Would you please output the lines from the one holding "this 1456×818 image." to the end of the entries, exactly and with no others?
"""
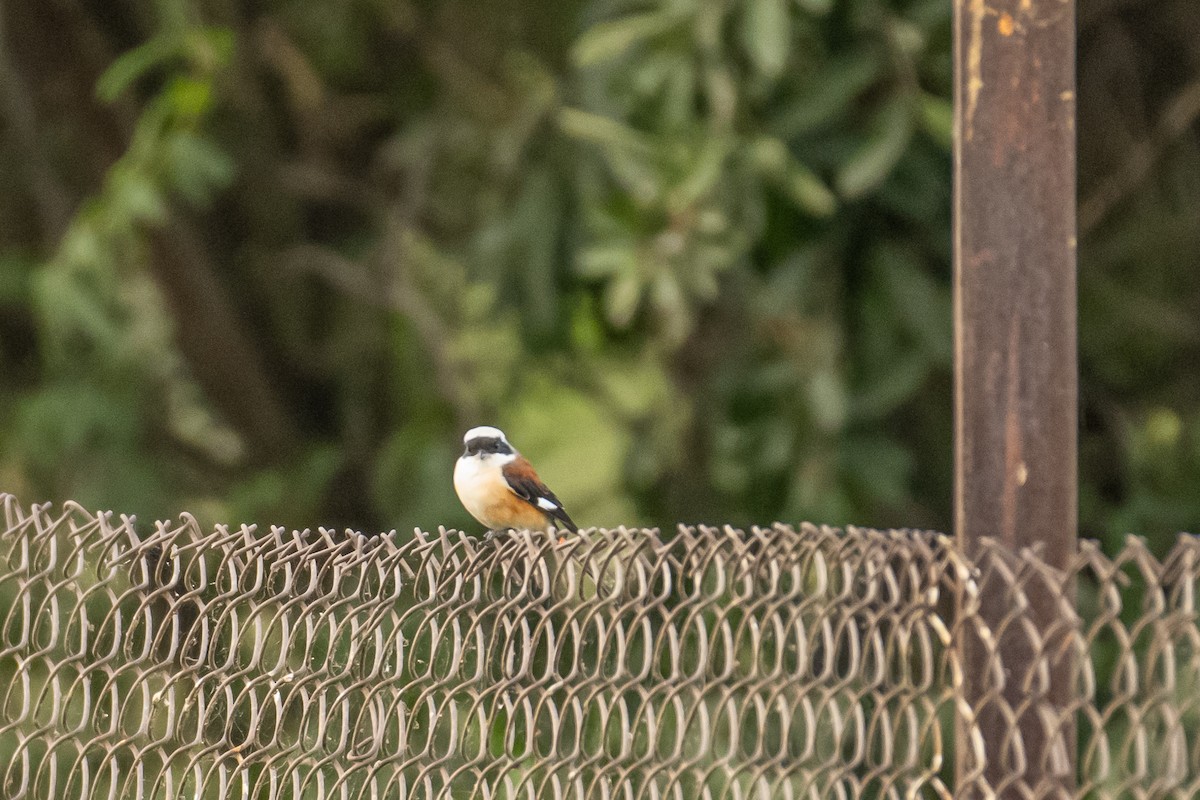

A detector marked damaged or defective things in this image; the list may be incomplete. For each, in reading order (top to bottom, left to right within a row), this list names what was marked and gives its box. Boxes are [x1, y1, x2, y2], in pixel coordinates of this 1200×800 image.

rusty metal post [955, 0, 1080, 796]
rust stain on pole [955, 0, 1080, 796]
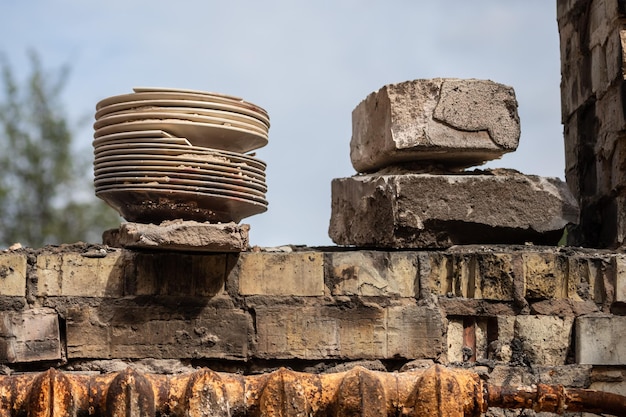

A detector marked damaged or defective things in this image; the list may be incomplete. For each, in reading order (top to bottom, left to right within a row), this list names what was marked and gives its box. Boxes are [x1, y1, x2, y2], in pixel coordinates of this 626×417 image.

broken concrete block [348, 78, 520, 172]
broken concrete block [102, 219, 249, 252]
broken concrete block [330, 169, 576, 247]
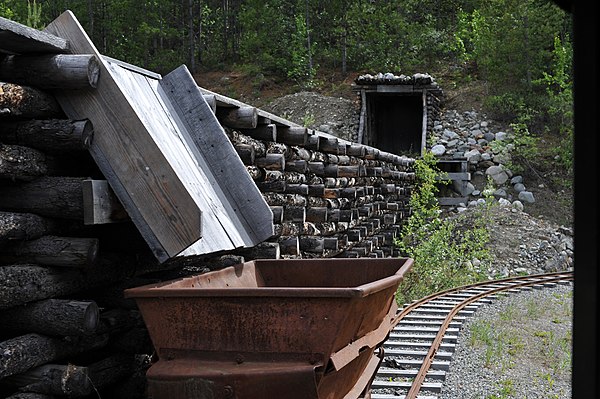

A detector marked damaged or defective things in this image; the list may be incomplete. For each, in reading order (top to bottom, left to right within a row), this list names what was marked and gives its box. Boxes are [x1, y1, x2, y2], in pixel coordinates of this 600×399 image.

rusty metal ore cart [124, 258, 414, 398]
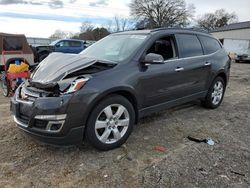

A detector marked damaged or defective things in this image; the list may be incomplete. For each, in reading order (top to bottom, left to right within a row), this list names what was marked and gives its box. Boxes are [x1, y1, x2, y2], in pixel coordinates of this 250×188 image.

crumpled hood [31, 52, 96, 83]
broken headlight [63, 76, 89, 93]
damaged front bumper [10, 85, 86, 145]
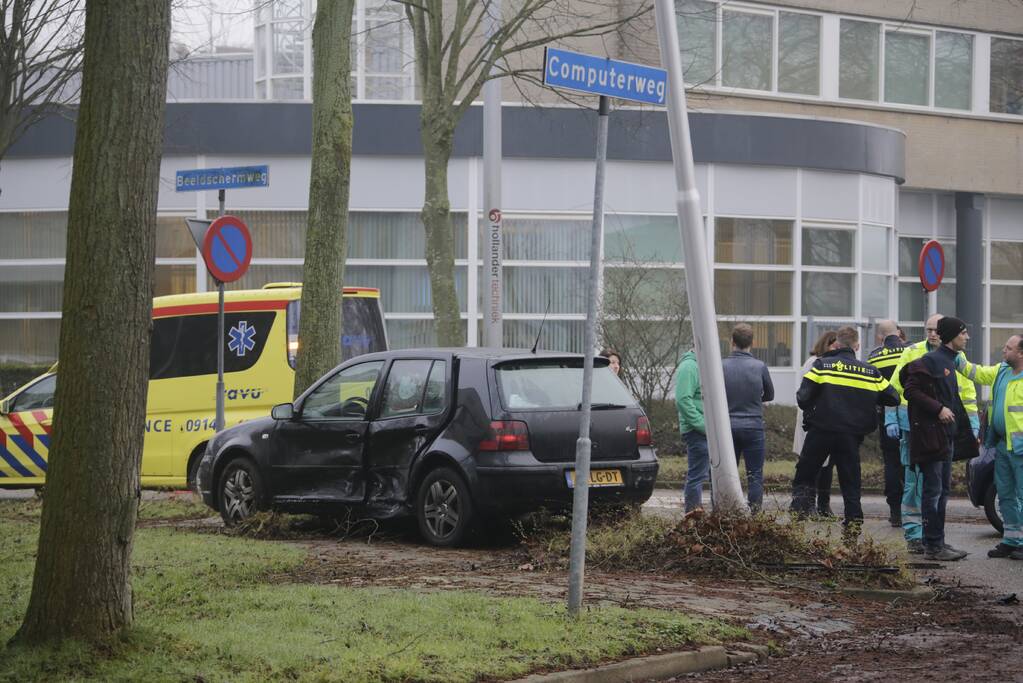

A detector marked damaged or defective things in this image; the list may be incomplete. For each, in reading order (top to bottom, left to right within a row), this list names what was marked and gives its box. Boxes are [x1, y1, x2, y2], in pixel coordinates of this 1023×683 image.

damaged black car [196, 350, 660, 548]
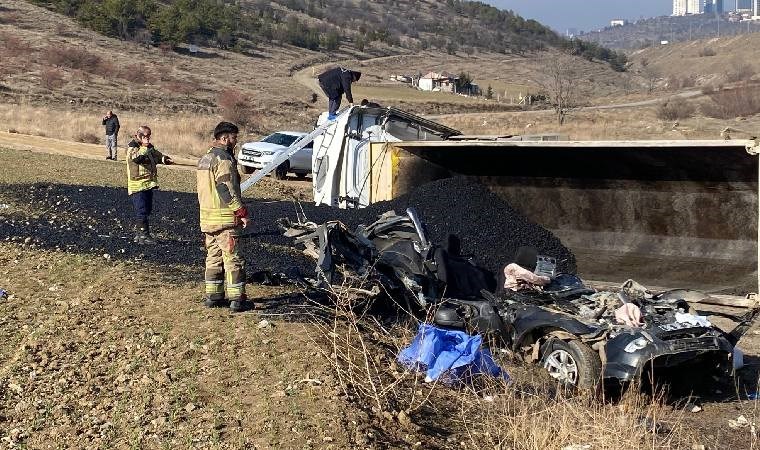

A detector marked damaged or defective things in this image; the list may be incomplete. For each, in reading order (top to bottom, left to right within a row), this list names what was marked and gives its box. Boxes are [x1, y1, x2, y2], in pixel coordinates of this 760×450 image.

overturned truck [243, 105, 760, 386]
crushed car [284, 209, 760, 388]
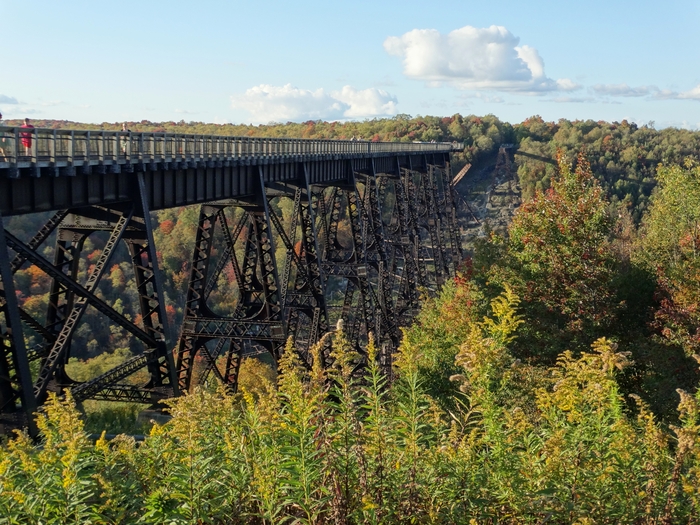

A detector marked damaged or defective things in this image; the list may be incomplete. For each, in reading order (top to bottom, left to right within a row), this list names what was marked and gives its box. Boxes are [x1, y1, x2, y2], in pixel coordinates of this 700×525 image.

rusty metal structure [0, 127, 464, 434]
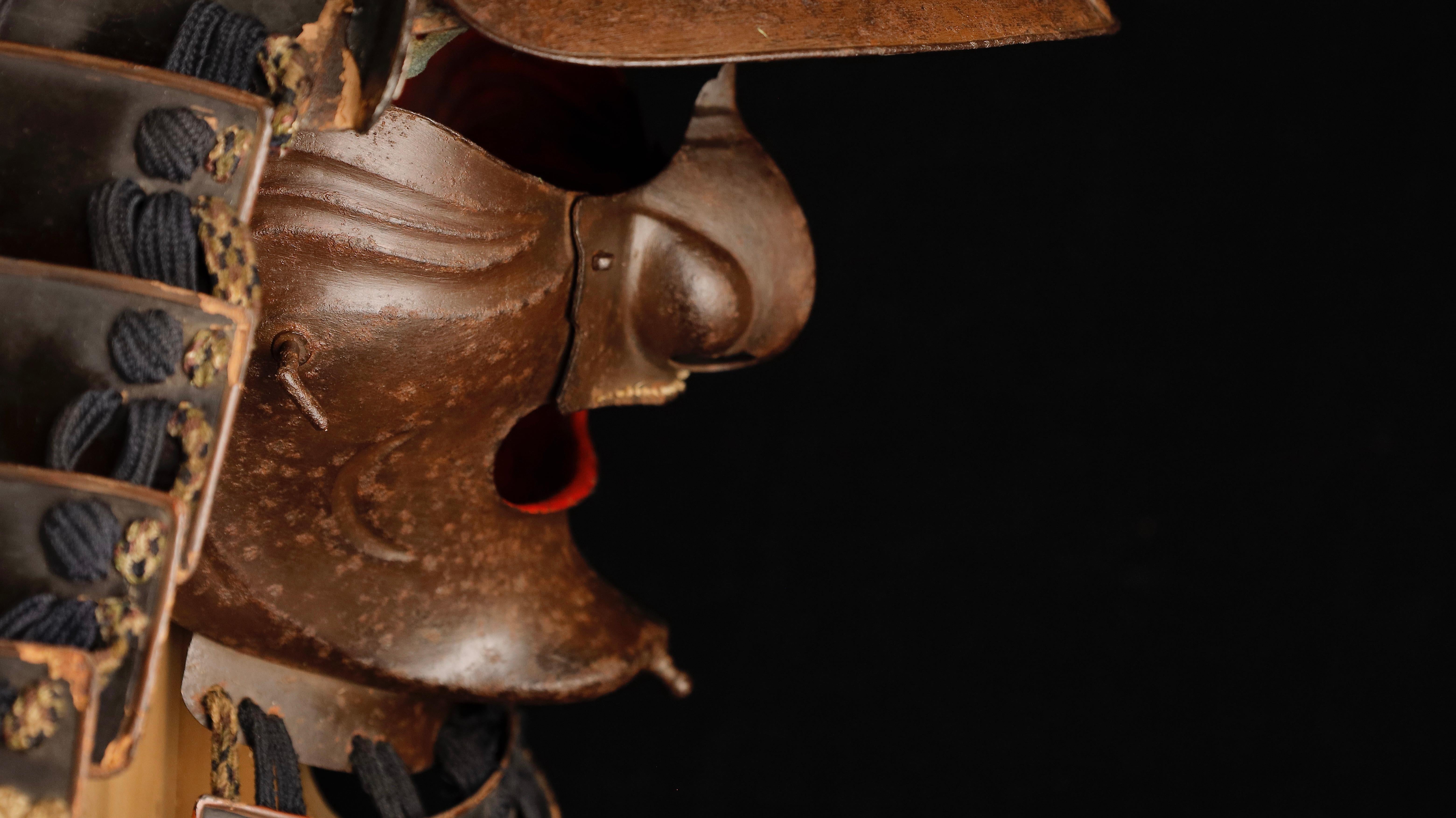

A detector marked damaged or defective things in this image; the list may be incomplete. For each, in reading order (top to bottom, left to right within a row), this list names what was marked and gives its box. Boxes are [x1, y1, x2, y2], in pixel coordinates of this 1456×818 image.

rusted iron surface [0, 0, 416, 135]
rusted iron surface [442, 0, 1112, 65]
rusted iron surface [0, 41, 274, 269]
pitted rust texture [193, 198, 262, 308]
rusted iron surface [556, 64, 815, 410]
rusted iron surface [0, 257, 256, 576]
pitted rust texture [183, 326, 231, 387]
pitted rust texture [175, 105, 676, 698]
pitted rust texture [2, 672, 67, 751]
rusted iron surface [1, 640, 99, 809]
rusted iron surface [0, 463, 185, 774]
rusted iron surface [180, 631, 448, 769]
"""
> Exercise response
A detector marked damaged or defective things in this image; the list may be incomplete. For each, in reading order (top to bottom, left to right within a row), this list names what was marked and gives its box. Boxes are [x1, y1, x2, y2], in pixel coordinates of this 1456×818 image.

rusted iron surface [0, 0, 416, 135]
rusted iron surface [442, 0, 1112, 65]
rusted iron surface [0, 41, 274, 269]
pitted rust texture [193, 198, 262, 308]
rusted iron surface [556, 64, 815, 410]
rusted iron surface [0, 257, 256, 576]
pitted rust texture [183, 326, 231, 387]
pitted rust texture [175, 105, 676, 698]
pitted rust texture [2, 672, 67, 751]
rusted iron surface [1, 640, 99, 809]
rusted iron surface [0, 463, 185, 774]
rusted iron surface [180, 631, 448, 769]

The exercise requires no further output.